— YOUR OBJECTIVE —
Set down, character for character, everything in the records below from the line holding "Hi, my name" down to the line holding "The mini model", and no other line.

— EXCERPTED RECORDS —

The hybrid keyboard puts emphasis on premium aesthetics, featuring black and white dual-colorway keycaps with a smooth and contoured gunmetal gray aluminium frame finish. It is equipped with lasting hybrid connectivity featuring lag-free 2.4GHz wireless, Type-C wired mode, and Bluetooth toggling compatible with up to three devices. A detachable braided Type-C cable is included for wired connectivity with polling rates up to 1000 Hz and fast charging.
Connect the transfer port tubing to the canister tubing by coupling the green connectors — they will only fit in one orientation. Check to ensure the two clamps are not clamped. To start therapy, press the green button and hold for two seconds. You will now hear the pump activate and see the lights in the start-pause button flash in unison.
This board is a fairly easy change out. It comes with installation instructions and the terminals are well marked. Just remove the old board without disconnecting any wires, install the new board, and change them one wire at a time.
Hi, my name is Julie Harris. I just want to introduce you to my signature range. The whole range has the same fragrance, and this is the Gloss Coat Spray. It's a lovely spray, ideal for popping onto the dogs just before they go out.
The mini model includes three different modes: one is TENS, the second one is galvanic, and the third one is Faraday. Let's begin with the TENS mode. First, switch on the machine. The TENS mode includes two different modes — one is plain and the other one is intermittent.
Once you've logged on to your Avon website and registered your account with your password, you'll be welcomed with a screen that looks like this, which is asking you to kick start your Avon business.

* * *

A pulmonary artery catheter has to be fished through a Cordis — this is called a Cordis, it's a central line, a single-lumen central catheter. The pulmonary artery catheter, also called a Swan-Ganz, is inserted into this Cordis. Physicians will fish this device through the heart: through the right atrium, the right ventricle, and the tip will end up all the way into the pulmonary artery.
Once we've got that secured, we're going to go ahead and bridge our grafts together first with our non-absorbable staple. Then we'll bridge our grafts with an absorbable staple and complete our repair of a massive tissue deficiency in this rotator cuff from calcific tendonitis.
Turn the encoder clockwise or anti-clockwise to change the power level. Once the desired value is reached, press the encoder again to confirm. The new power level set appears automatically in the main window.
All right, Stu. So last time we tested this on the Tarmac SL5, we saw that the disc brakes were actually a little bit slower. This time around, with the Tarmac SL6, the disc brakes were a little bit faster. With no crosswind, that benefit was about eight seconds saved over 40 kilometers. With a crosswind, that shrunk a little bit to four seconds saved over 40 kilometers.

...

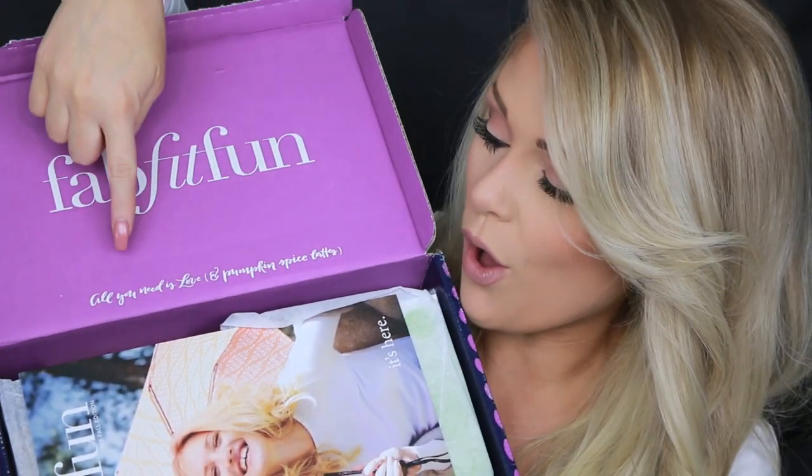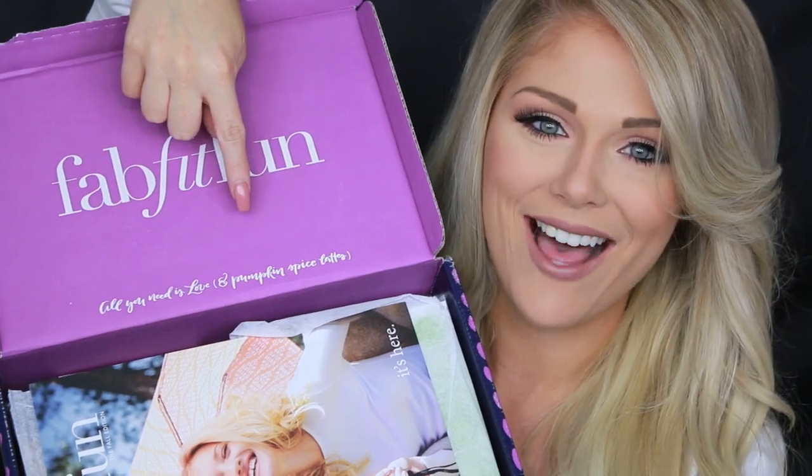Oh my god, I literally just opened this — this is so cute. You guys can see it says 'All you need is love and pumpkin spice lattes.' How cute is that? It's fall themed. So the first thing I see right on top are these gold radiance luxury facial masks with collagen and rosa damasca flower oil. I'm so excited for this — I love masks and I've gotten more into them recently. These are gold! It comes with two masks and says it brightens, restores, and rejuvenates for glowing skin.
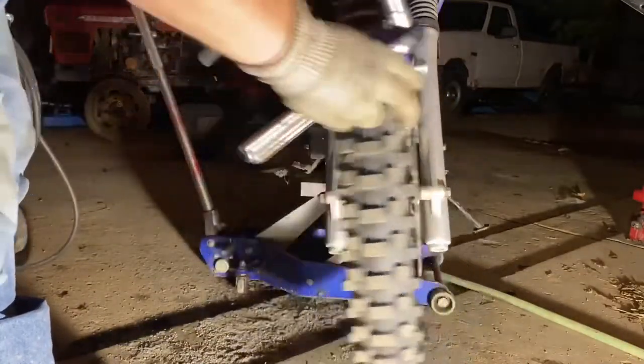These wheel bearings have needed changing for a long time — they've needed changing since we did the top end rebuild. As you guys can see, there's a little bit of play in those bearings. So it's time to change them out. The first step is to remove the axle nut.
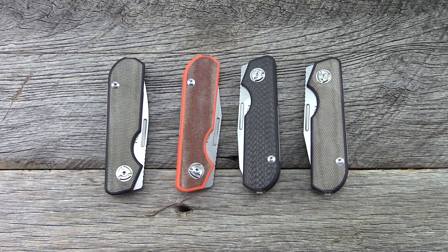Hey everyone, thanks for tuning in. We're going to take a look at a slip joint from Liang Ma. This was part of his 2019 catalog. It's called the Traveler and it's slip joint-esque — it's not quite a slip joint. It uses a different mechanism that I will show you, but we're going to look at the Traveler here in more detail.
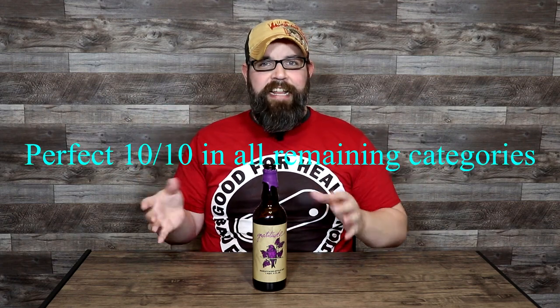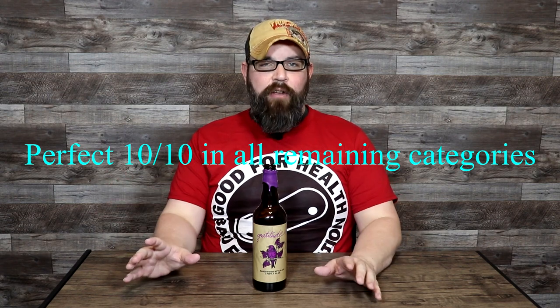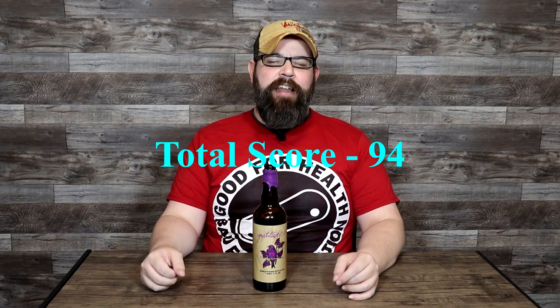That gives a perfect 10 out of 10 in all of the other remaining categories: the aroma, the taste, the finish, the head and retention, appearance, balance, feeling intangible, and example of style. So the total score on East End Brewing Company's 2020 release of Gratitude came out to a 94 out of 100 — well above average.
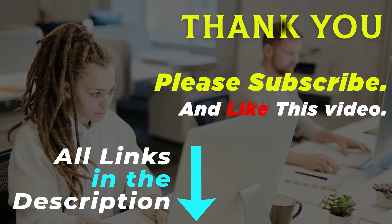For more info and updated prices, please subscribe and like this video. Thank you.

— REPLY —
Hi, my name is Julie Harris. I just want to introduce you to my signature range. The whole range has the same fragrance, and this is the Gloss Coat Spray. It's a lovely spray, ideal for popping onto the dogs just before they go out.
The mini model includes three different modes: one is TENS, the second one is galvanic, and the third one is Faraday. Let's begin with the TENS mode. First, switch on the machine. The TENS mode includes two different modes — one is plain and the other one is intermittent.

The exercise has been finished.